● EXERCISE INPUTS
______________________________

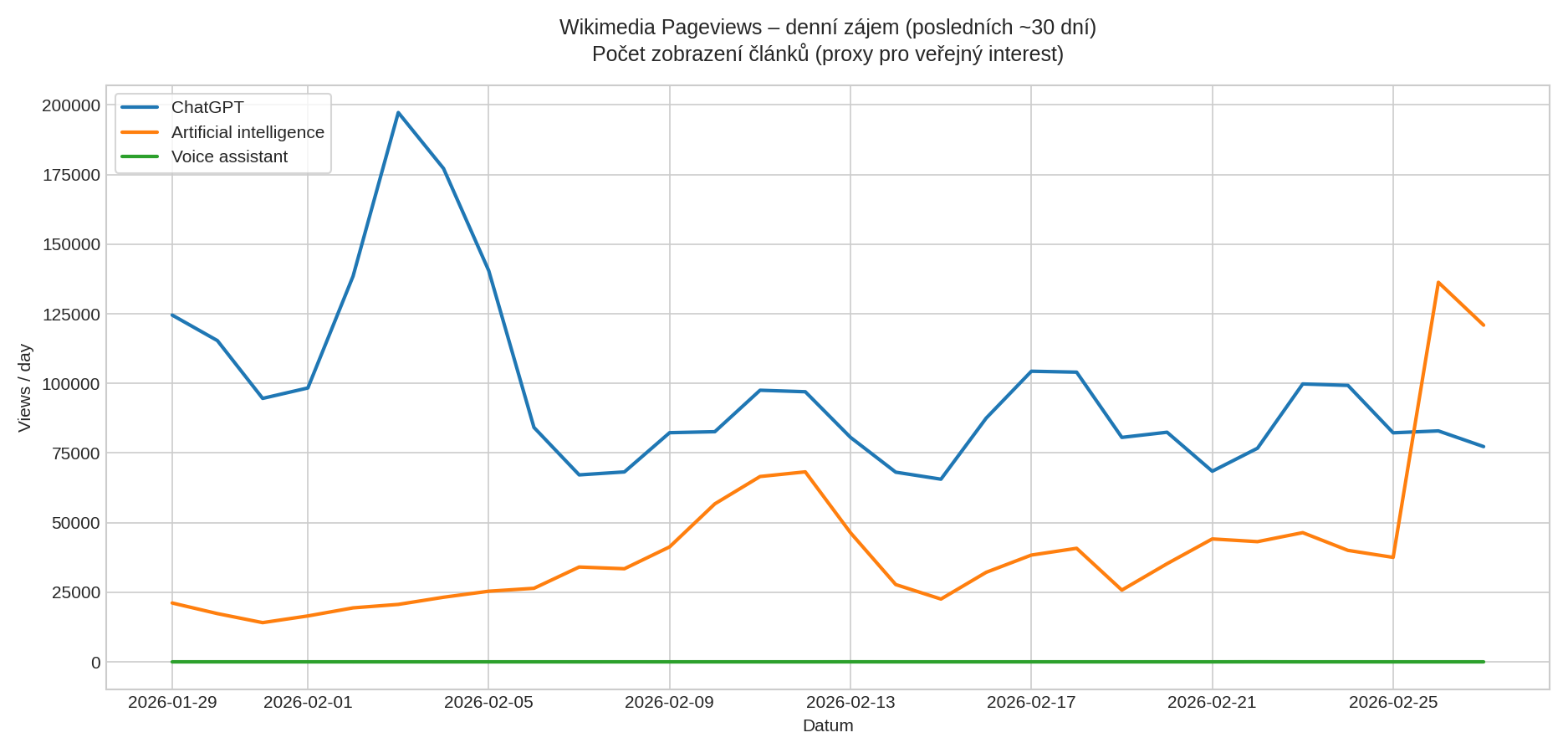 Wikimedia Pageviews – denní zájem (posledních ~30 dní)
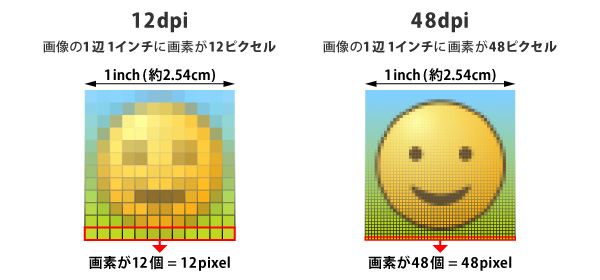 Webカメラ解像度の種類と特徴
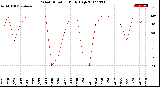 Milwaukee Weather Wind Direction<br>Daily High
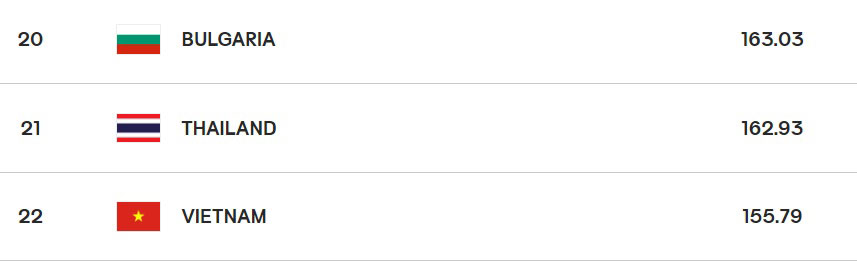 วอลเลย์บอลหญิงชิงแชมป์โลก 2025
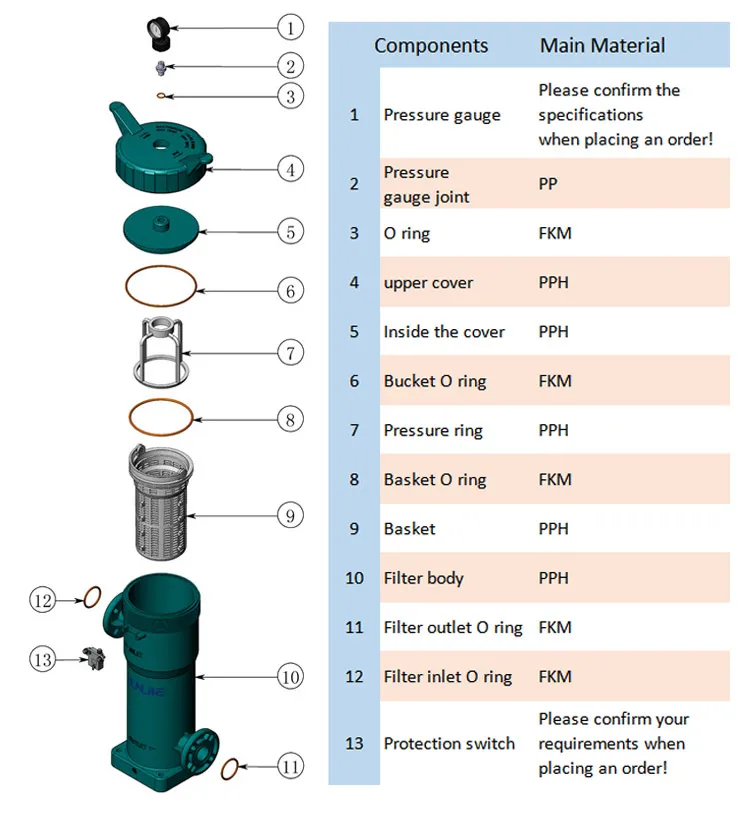 Pph Filter Housing for Solid-Liquid Separation
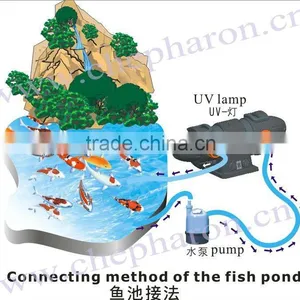 Swimming Pool Stainless Steel UV Sterilizer Water Purificate thumbnail-2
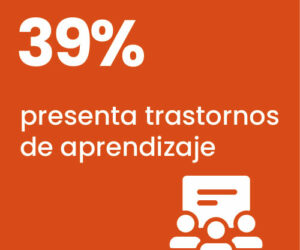 39% Presenta trastornos de aprendizaje 39% Presenta trastornos de aprendizaje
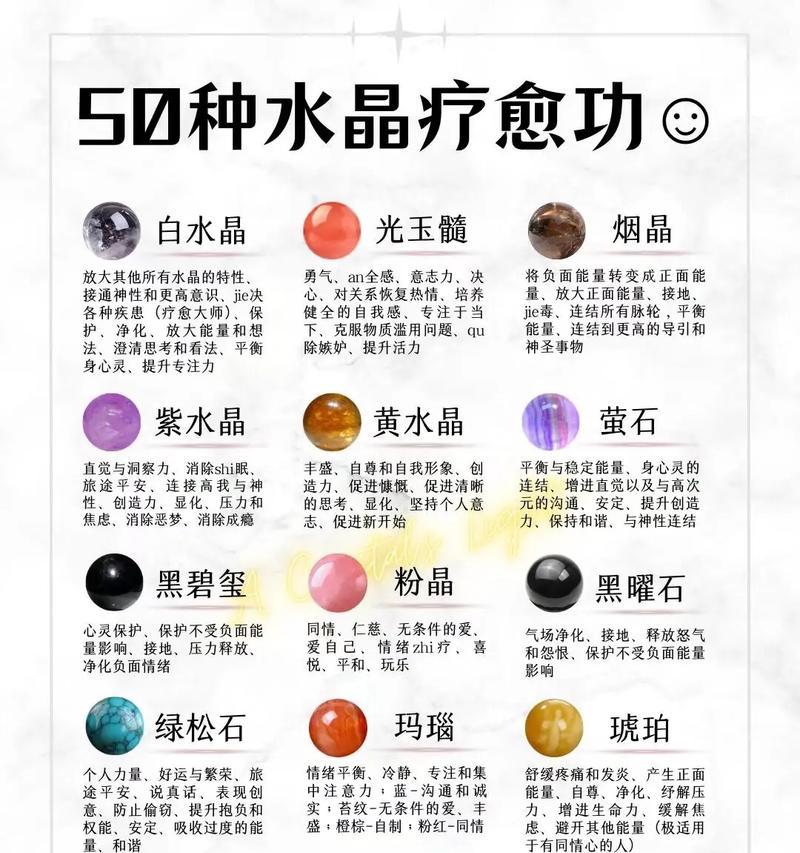 完美世界流晶的使用方法是什么？使用流晶有哪些注意事项？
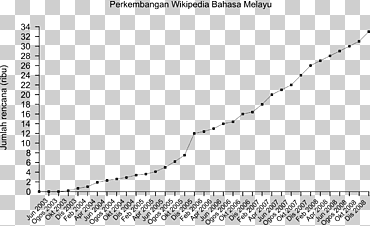 malay wikipedia 31 kisah sahabat: sayap dari syurga indonesio, tebu, ángulo, blanco, texto png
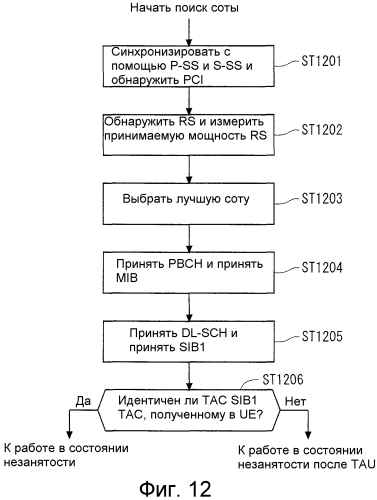 Система мобильной связи (патент 2570360)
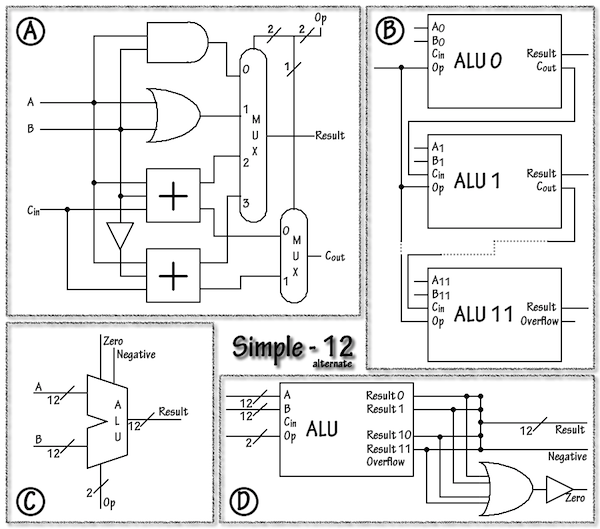 12-bit ALU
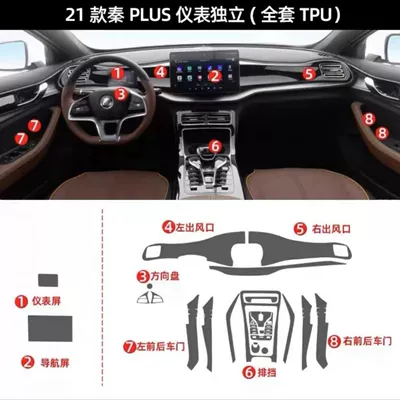 Interior Protective Film Central Control: Car interior film - 21-22-models-full-interior-independent-instrument-navigation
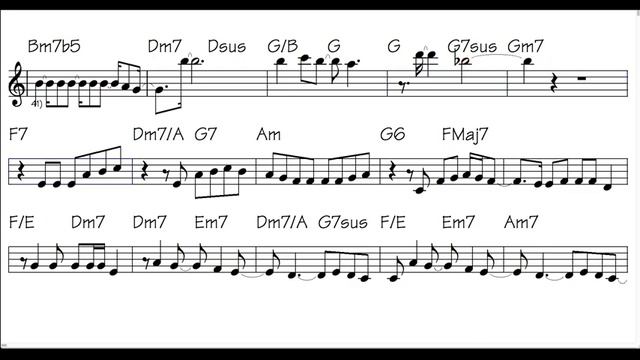 Sappi amore mio Sax alto B Antonacci_480p_MUX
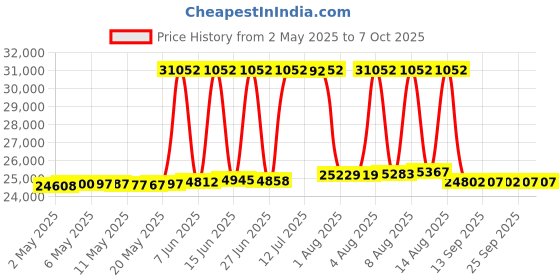 amazon.in Ride N Remind - Back Seat Reminder System - Professional installation req. Price History Graph from 2 May 2025 to 7 Oct 2025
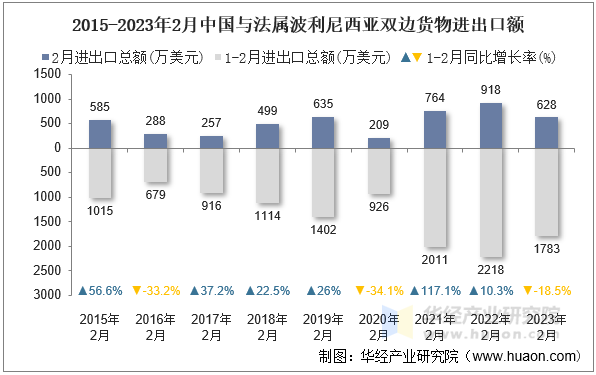 2015-2023年2月中国与法属波利尼西亚双边货物进出口额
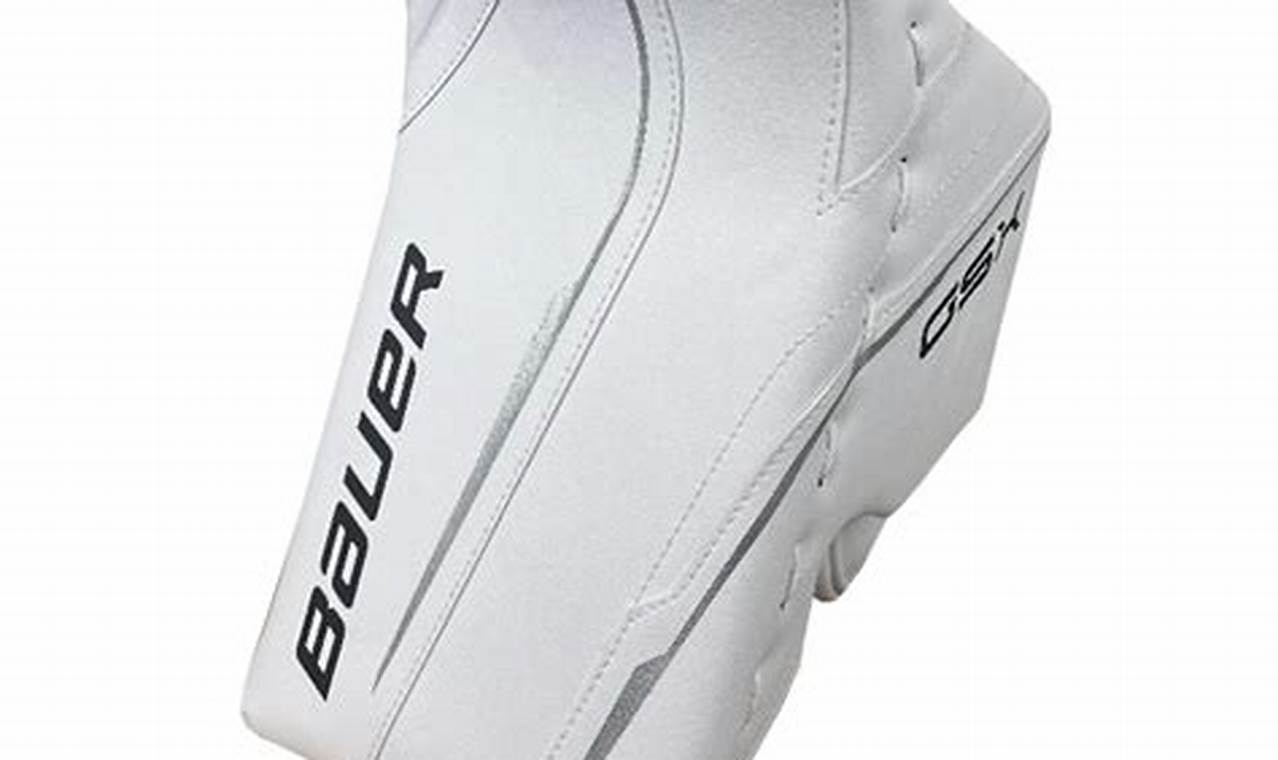 Best Ice Hockey Goalie Blockers: Reviews & Guide | Your Ultimate Source for Hockey Updates, Training Guides, and Equipment Recommendations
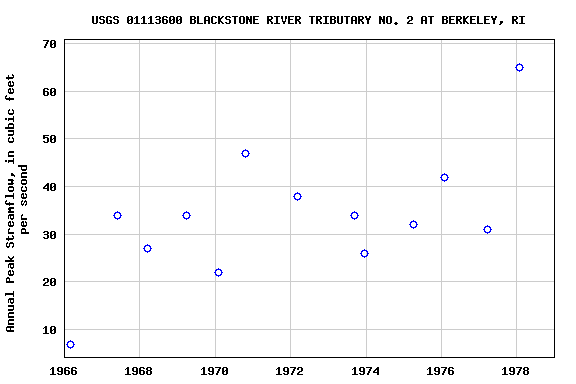 Graph of annual maximum streamflow at USGS 01113600 BLACKSTONE RIVER TRIBUTARY NO. 2 AT BERKELEY, RI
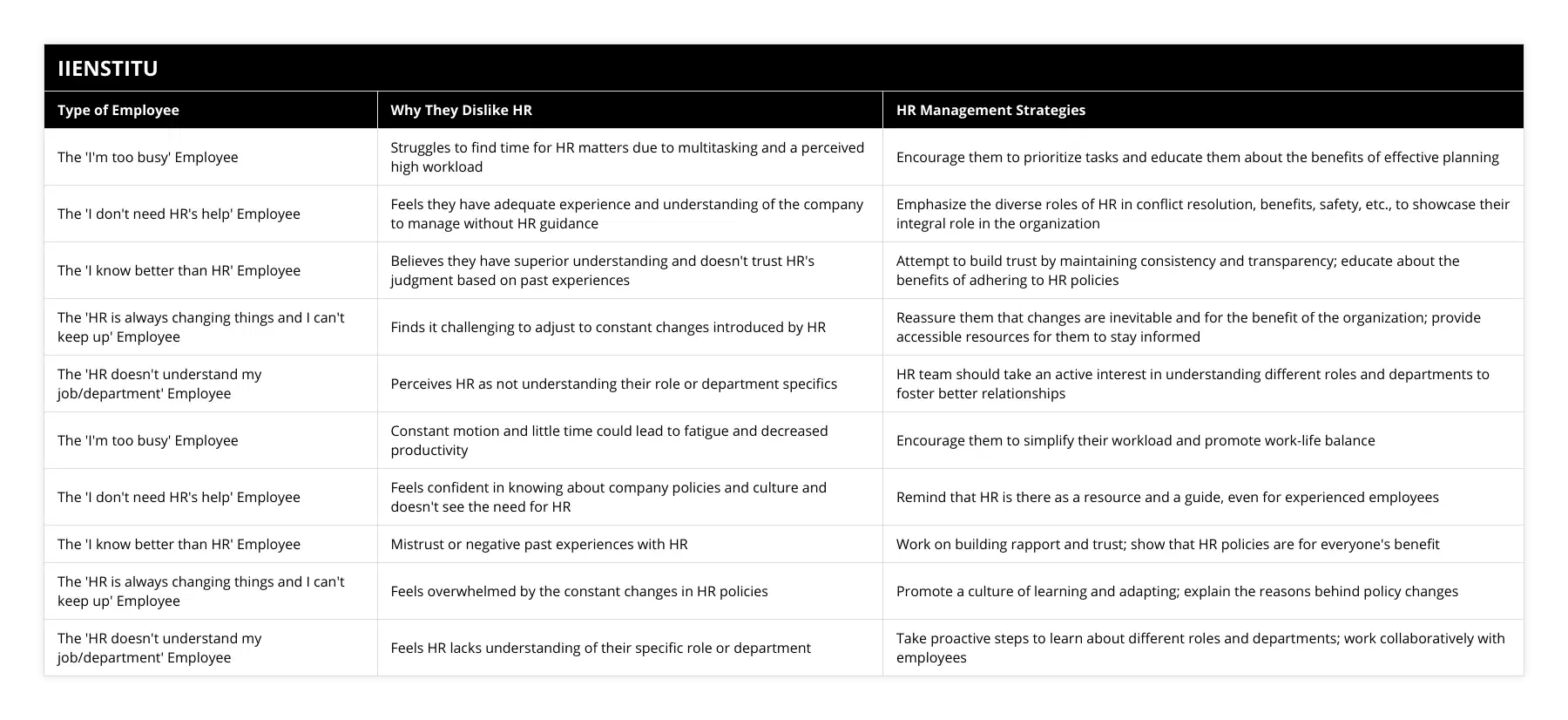 The 'I'm too busy' Employee, Struggles to find time for HR matters due to multitasking and a perceived high workload, Encourage them to prioritize tasks and educate them about the benefits of effective planning, The 'I don't need HR's help' Employee, Feels they have adequate experience and understanding of the company to manage without HR guidance, Emphasize the diverse roles of HR in conflict resolution, benefits, safety, etc, to showcase their integral role in the organization, The 'I know better than HR' Employee, Believes they have superior understanding and doesn't trust HR's judgment based on past experiences, Attempt to build trust by maintaining consistency and transparency; educate about the benefits of adhering to HR policies, The 'HR is always changing things and I can't keep up' Employee, Finds it challenging to adjust to constant changes introduced by HR, Reassure them that changes are inevitable and for the benefit of the organization; provide accessible resources for them to stay informed, The 'HR doesn't understand my job/department' Employee, Perceives HR as not understanding their role or department specifics, HR team should take an active interest in understanding different roles and departments to foster better relationships, The 'I'm too busy' Employee, Constant motion and little time could lead to fatigue and decreased productivity, Encourage them to simplify their workload and promote work-life balance, The 'I don't need HR's help' Employee, Feels confident in knowing about company policies and culture and doesn't see the need for HR, Remind that HR is there as a resource and a guide, even for experienced employees, The 'I know better than HR' Employee, Mistrust or negative past experiences with HR, Work on building rapport and trust; show that HR policies are for everyone's benefit, The 'HR is always changing things and I can't keep up' Employee, Feels overwhelmed by the constant changes in HR policies, Promote a culture of learning and adapting; explain the reasons behind policy changes, The 'HR doesn't understand my job/department' Employee, Feels HR lacks understanding of their specific role or department, Take proactive steps to learn about different roles and departments; work collaboratively with employees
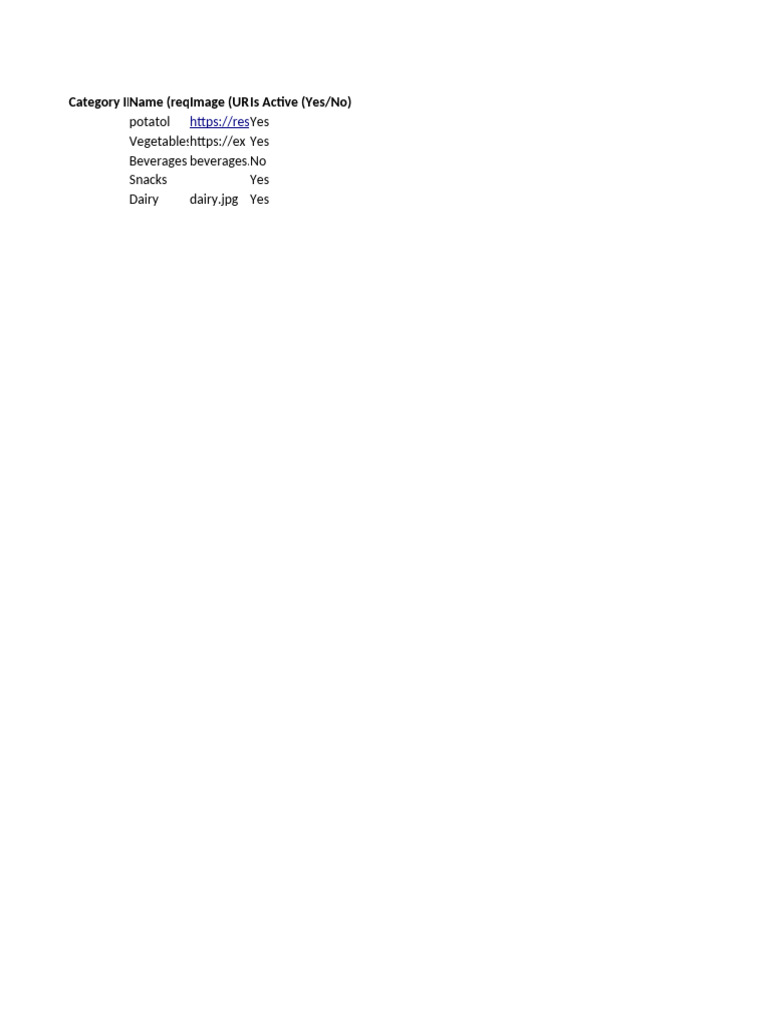 Categories | PDF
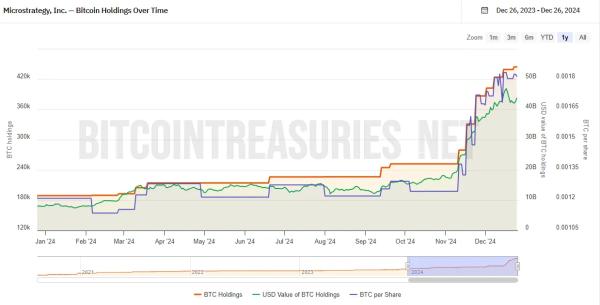 Vivek Ramaswamy’s Strive files for Bitcoin Bond ETF with the SEC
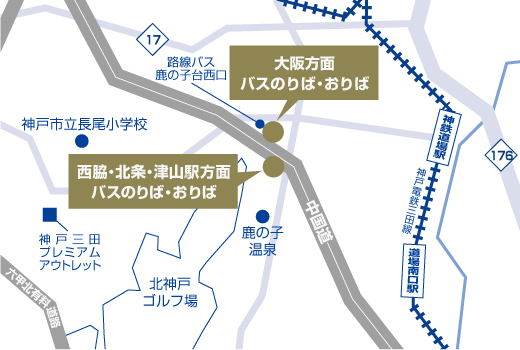 長尾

______________________________

● ACTION ITEM
Quote the data exactly, leaving every image out of the copy.

● RESULT FOR THIS TASK
 Wikimedia Pageviews – denní zájem (posledních ~30 dní)
 Webカメラ解像度の種類と特徴
 Milwaukee Weather Wind Direction<br>Daily High
 วอลเลย์บอลหญิงชิงแชมป์โลก 2025
 Pph Filter Housing for Solid-Liquid Separation
 Swimming Pool Stainless Steel UV Sterilizer Water Purificate thumbnail-2
 39% Presenta trastornos de aprendizaje 39% Presenta trastornos de aprendizaje
 完美世界流晶的使用方法是什么？使用流晶有哪些注意事项？
 malay wikipedia 31 kisah sahabat: sayap dari syurga indonesio, tebu, ángulo, blanco, texto png
 Система мобильной связи (патент 2570360)
 12-bit ALU
 Interior Protective Film Central Control: Car interior film - 21-22-models-full-interior-independent-instrument-navigation
 Sappi amore mio Sax alto B Antonacci_480p_MUX
 amazon.in Ride N Remind - Back Seat Reminder System - Professional installation req. Price History Graph from 2 May 2025 to 7 Oct 2025
 2015-2023年2月中国与法属波利尼西亚双边货物进出口额
 Best Ice Hockey Goalie Blockers: Reviews & Guide | Your Ultimate Source for Hockey Updates, Training Guides, and Equipment Recommendations
 Graph of annual maximum streamflow at USGS 01113600 BLACKSTONE RIVER TRIBUTARY NO. 2 AT BERKELEY, RI
 The 'I'm too busy' Employee, Struggles to find time for HR matters due to multitasking and a perceived high workload, Encourage them to prioritize tasks and educate them about the benefits of effective planning, The 'I don't need HR's help' Employee, Feels they have adequate experience and understanding of the company to manage without HR guidance, Emphasize the diverse roles of HR in conflict resolution, benefits, safety, etc, to showcase their integral role in the organization, The 'I know better than HR' Employee, Believes they have superior understanding and doesn't trust HR's judgment based on past experiences, Attempt to build trust by maintaining consistency and transparency; educate about the benefits of adhering to HR policies, The 'HR is always changing things and I can't keep up' Employee, Finds it challenging to adjust to constant changes introduced by HR, Reassure them that changes are inevitable and for the benefit of the organization; provide accessible resources for them to stay informed, The 'HR doesn't understand my job/department' Employee, Perceives HR as not understanding their role or department specifics, HR team should take an active interest in understanding different roles and departments to foster better relationships, The 'I'm too busy' Employee, Constant motion and little time could lead to fatigue and decreased productivity, Encourage them to simplify their workload and promote work-life balance, The 'I don't need HR's help' Employee, Feels confident in knowing about company policies and culture and doesn't see the need for HR, Remind that HR is there as a resource and a guide, even for experienced employees, The 'I know better than HR' Employee, Mistrust or negative past experiences with HR, Work on building rapport and trust; show that HR policies are for everyone's benefit, The 'HR is always changing things and I can't keep up' Employee, Feels overwhelmed by the constant changes in HR policies, Promote a culture of learning and adapting; explain the reasons behind policy changes, The 'HR doesn't understand my job/department' Employee, Feels HR lacks understanding of their specific role or department, Take proactive steps to learn about different roles and departments; work collaboratively with employees
 Categories | PDF
 Vivek Ramaswamy’s Strive files for Bitcoin Bond ETF with the SEC
 長尾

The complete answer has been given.